私はその何かを、はっきりとは言えないままだった。


――


週末、絵梨奈から連絡が来る。

『咲蘭っち今日、予約入ってたっけ?

 空き時間あったらさ、撮影入れる?』


『予約ないし、大丈夫。

 撮影入れるよ。道具持っていくねー。』


返信して、準備を始める。


鏡の前に立って、メイクをしていく。

ファンデーション、アイシャドウ、リップ。


鏡の中の自分を見つめる――


この顔は、美織に向けて整える顔じゃない。

外に向けて、世界に向けて整える顔。


撮影もメイクの技術を磨く場所だ。

絵梨奈が私を、外の世界に連れ出してくれる。


「じゃっ。美織、行ってくる…」

リビングでPCを触る美織に声をかけると、

美織は笑顔で手を振る。


「いってらっしゃい、気をつけてねっ。」


その笑顔は、いつもと何も変わらない。

でも、ほんの少しだけ遠い気がした。


玄関のドアを閉めるのを少し躊躇ってしまった――


――


仕事を終えて、帰宅する。

玄関の鍵を開けると、

リビングから明かりが漏れている。


「ただいまー。」


美織がリビングからパタパタと音を立てて迎えに来る。

「おかえりっ…咲蘭あっ」

 

向かってくる笑顔も暖かい。


「お疲れさま。」

「うん、疲れたー。」


今日も一緒に夕飯を食べることが出来た。

美織は私の話を聞いて、笑ってくれる。


「今日、絵梨奈と合間で撮影もしてさ。

新しいメイク試したんだけど、ムズかった……。

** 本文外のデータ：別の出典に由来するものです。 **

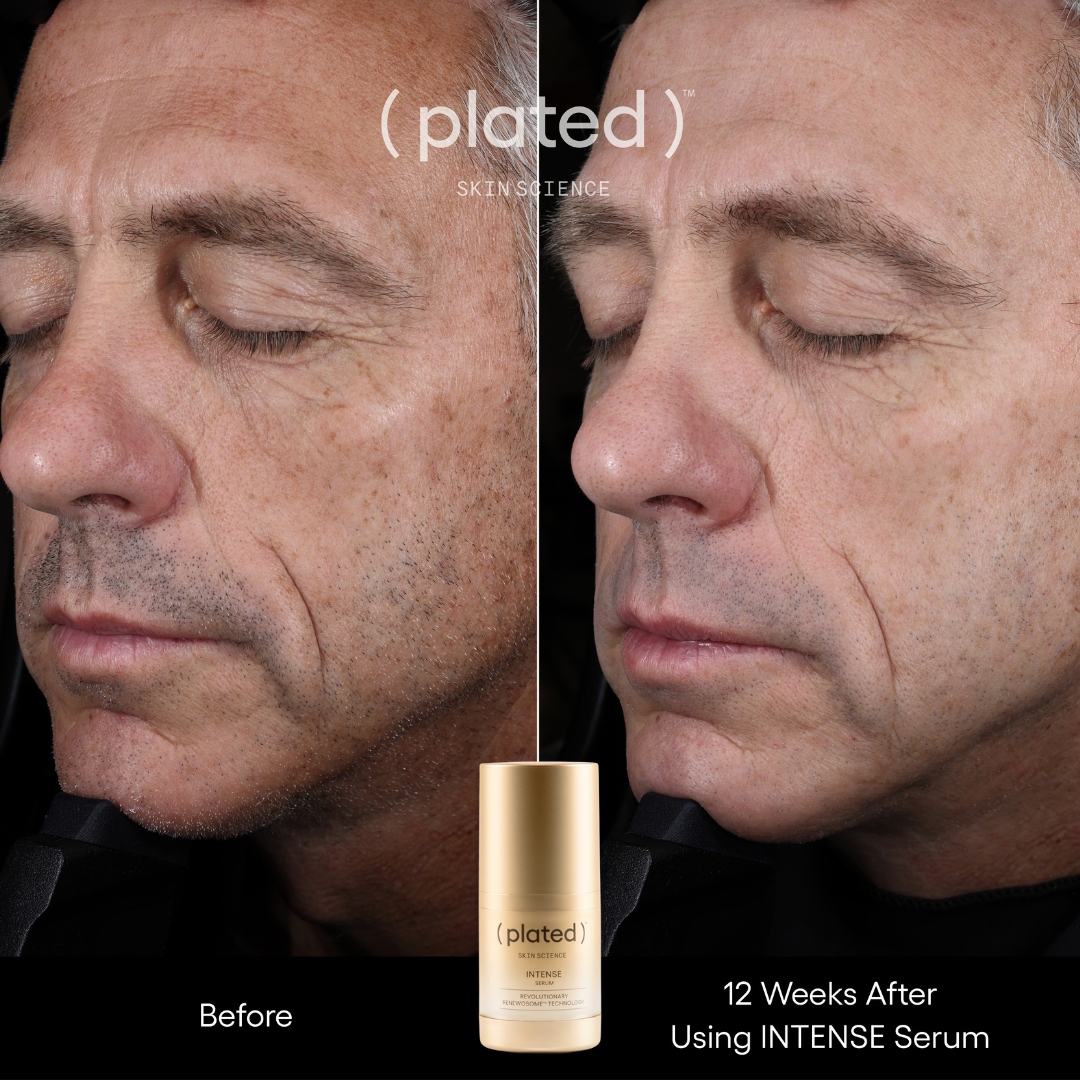 INTENSE Before + After 2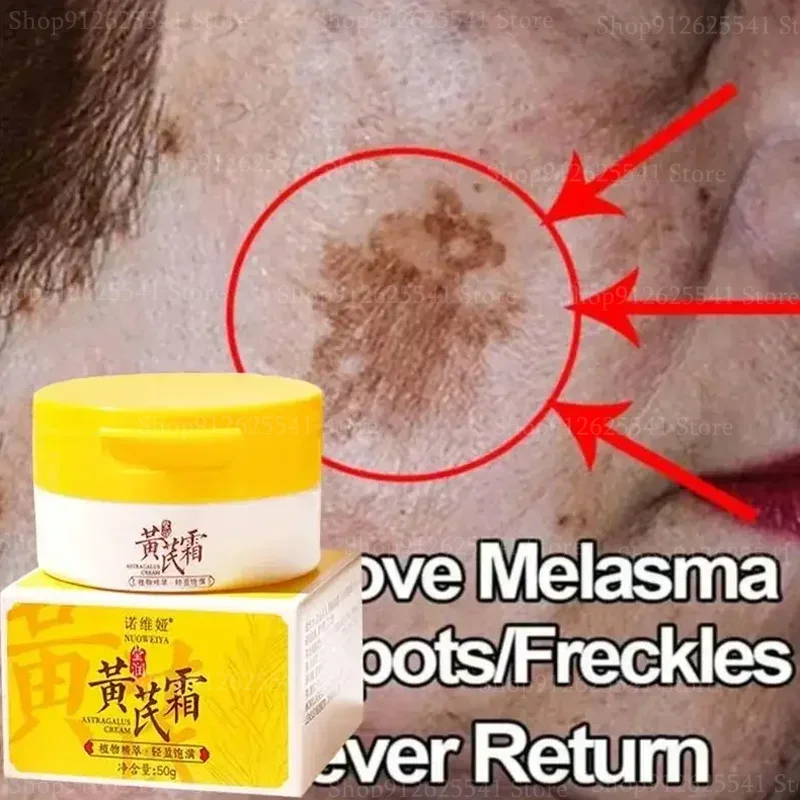 50 г отбеливающий крем для лица с экстрактом астрагала и темными пятнами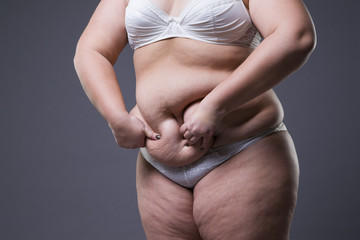 Woman with fat abdomen, overweight female stomach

」


「そうなんだ。今度私にもやって欲しいなぁ」

いつもそうやって言ってくれる。

 

――でも、美織にタッチアップする機会がない。


美織の声は優しく、柔らかい。

でも、視線だけは私を通り抜けている気がした。


夜、一緒にベッドに入る。

美織は私の腕に絡みながら、先に寝息を立てていた。


私はスマホを開いて、絵梨奈のストーリーを見る。

今日の撮影の裏側が流れている。


画面の青白い光が、私の顔だけを照らす。


画面を閉じようとして、少し躊躇う。

もう少しだけ、この光の中にいたかった。


学校、SNS、美織。

どれも失ってはいない――


生活の重心が少しずつズレ始めている。